Chapter 62 - Volume 2 (2/2)

「Just for a little, let me stay like this.」

Whisperingly, that voice was so quiet that as to almost slip past unheard. I stiffened once more. To think that he would say that sort of thing. Those who knew him, and even those who didn’t, neither would believe that. Even I, who had known him so long, could not believe it.

Somehow managing to get my arms to move, I timidly wrapped them around his back, and he strengthened his grip so much that I almost groaned. There in his arms, I asked,

「Um, Edi?」

「What?」

「At the very least, it would have been nice to have heard your voice. Using that bracelet, that much would have been possible, wouldn’t it have?」

Even now, I was wearing that bracelet that he had given me over my glove. I knew it could do that. Even as busy he was as the top magician in the kingdom, we could have at least exchanged meaningless greetings every day.
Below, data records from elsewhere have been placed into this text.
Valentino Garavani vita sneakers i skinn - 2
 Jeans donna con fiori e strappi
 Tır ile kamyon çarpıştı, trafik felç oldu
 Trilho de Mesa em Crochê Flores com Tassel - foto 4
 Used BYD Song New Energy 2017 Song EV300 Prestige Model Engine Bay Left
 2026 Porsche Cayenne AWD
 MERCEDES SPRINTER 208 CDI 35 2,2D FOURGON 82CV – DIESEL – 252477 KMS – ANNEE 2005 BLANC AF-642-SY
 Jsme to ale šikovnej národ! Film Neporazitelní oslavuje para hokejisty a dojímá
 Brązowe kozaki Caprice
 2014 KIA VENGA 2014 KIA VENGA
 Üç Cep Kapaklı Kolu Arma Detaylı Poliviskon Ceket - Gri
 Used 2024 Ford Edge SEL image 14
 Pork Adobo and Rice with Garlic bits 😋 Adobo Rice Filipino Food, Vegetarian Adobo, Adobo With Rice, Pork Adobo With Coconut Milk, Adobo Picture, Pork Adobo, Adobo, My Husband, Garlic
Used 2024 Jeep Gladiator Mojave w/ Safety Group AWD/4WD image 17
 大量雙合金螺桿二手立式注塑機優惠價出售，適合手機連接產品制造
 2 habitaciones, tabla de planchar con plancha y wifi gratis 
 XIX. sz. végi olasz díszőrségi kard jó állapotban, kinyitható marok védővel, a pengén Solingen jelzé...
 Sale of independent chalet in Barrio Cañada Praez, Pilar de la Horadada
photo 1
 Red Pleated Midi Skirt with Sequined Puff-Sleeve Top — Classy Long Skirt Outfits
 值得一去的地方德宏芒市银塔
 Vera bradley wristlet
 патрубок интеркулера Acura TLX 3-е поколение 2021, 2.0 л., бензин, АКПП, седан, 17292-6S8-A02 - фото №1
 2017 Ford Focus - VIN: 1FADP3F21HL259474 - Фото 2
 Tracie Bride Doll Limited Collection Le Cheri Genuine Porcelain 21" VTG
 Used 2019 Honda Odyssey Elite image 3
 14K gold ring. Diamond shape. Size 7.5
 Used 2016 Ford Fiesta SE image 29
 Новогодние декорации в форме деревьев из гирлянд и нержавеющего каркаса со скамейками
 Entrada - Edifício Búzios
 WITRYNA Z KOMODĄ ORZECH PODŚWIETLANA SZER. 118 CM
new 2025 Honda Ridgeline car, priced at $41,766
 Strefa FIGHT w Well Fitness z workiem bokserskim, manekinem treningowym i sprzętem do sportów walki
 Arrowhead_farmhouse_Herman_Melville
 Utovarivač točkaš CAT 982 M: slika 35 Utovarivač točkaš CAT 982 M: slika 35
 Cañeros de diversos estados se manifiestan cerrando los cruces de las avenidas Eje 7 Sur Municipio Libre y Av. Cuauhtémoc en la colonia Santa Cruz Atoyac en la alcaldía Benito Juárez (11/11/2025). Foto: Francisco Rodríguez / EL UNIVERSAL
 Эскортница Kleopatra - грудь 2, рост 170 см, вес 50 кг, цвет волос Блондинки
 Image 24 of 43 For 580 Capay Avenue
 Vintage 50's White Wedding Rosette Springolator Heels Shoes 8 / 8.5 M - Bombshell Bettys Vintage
He must have noticed the little bit of bitterness in my voice, because for a moment, he was lost for words. Then, he muttered, ever so faintly. We couldn’t have been standing closer together, and I still couldn’t make out what he said. I pestered him to repeat it, and he said again, in a small voice,

「…voice…」

「What?」

「If I had heard your voice, I thought I wouldn’t be able endure it.」

「…!」

We hadn’t been allowed to see each other when I was at the Adina House. I knew what it was he was trying to say. But 「I wouldn’t be able to endure it」, saying such a spoiled thing. I didn’t know how I should respond, so I just stared up at his serene beauty, dumbfounded. He lowered those sunrise eyes of his, and muttered,

「I wanted to see you.」

That short statement, that held so much emotion, caused the strength to leave my stiffened body. So that’s what he had been wanting to say, this whole time.

「Me too.」

My arms around his back strengthened their hold. Aah, I see. I had too.

「Me too. I’ve been wanting to see you this whole time.」

After all, that was what it was. The thing I wanted to say, I had thought it over a lot, but in the end, that sentence just about summed it all up. The whole time, I had wanted to see him. So much I couldn’t bear it. The thought that I was the only one feeling that, was frustrating, and I couldn’t say it. Just, that I had wanted to see him.

I felt the happiness from when we re-united all over again. I looked up at him.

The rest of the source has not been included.